## [What you are asked to do]
From the listing, collect all lines containing the word "Party".

## [Source material]
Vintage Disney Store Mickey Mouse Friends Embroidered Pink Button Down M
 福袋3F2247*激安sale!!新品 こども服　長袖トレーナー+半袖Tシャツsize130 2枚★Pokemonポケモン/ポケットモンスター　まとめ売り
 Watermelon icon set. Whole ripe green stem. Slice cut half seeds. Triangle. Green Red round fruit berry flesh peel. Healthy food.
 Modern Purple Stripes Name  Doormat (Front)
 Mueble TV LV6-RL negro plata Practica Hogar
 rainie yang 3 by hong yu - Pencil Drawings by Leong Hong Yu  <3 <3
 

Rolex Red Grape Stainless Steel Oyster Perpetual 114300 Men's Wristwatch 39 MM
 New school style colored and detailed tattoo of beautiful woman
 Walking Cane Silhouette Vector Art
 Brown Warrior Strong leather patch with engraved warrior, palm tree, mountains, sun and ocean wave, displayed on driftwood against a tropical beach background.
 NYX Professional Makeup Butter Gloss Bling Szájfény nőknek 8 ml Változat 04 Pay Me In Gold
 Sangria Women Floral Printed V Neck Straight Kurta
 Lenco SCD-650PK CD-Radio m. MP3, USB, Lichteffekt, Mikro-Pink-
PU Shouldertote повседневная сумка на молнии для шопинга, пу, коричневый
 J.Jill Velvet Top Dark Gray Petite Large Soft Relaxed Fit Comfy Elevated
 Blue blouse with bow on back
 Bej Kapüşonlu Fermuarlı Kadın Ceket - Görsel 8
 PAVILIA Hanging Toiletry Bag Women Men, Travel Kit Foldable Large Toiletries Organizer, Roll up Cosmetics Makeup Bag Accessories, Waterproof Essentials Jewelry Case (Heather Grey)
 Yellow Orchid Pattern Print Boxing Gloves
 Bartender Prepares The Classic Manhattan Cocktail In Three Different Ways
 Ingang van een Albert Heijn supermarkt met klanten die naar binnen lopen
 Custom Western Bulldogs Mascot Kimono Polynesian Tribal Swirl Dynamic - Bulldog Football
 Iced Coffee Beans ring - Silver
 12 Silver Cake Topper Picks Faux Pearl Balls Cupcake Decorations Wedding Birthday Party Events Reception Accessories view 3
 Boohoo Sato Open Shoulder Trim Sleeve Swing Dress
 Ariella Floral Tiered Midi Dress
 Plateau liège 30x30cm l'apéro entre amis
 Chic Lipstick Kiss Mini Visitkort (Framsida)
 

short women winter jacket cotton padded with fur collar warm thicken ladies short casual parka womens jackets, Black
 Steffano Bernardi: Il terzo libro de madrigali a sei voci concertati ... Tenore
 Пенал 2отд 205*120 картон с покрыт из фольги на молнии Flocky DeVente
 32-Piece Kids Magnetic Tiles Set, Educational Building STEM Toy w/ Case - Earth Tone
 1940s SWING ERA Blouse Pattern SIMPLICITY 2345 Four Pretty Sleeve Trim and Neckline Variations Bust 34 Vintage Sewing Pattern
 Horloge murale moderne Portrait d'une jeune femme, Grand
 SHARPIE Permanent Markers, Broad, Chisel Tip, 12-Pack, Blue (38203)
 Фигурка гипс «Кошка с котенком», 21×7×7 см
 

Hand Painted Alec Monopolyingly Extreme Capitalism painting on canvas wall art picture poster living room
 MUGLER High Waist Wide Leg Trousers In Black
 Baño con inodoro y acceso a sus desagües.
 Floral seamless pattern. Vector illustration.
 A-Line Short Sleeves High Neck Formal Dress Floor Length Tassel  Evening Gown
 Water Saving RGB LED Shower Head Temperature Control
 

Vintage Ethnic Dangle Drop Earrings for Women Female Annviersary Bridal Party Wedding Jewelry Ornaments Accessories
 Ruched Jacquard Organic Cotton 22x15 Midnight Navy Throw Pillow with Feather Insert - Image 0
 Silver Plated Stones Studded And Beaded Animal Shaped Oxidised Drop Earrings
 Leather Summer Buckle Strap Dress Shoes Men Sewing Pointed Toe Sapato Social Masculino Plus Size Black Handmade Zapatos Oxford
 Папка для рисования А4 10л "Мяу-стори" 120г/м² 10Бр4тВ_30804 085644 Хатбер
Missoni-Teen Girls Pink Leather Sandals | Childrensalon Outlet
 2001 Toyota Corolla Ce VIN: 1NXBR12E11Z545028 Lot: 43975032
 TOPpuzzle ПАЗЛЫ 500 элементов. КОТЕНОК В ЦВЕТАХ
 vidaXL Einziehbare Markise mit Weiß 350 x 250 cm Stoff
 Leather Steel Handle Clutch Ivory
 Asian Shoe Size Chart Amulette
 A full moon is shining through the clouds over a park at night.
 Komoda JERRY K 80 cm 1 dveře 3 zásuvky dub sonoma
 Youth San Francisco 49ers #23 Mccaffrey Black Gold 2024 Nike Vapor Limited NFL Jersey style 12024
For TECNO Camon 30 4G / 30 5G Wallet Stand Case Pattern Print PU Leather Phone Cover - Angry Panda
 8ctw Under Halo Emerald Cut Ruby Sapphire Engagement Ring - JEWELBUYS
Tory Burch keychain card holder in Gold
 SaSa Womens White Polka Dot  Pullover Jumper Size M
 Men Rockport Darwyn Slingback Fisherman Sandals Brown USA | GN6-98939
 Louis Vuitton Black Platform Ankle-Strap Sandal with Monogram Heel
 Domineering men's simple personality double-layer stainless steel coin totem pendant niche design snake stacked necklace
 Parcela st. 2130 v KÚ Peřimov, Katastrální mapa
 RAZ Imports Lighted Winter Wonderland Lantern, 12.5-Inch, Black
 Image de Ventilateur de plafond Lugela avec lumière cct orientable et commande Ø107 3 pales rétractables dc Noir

## [Exercise result]
 12 Silver Cake Topper Picks Faux Pearl Balls Cupcake Decorations Wedding Birthday Party Events Reception Accessories view 3
Vintage Ethnic Dangle Drop Earrings for Women Female Annviersary Bridal Party Wedding Jewelry Ornaments Accessories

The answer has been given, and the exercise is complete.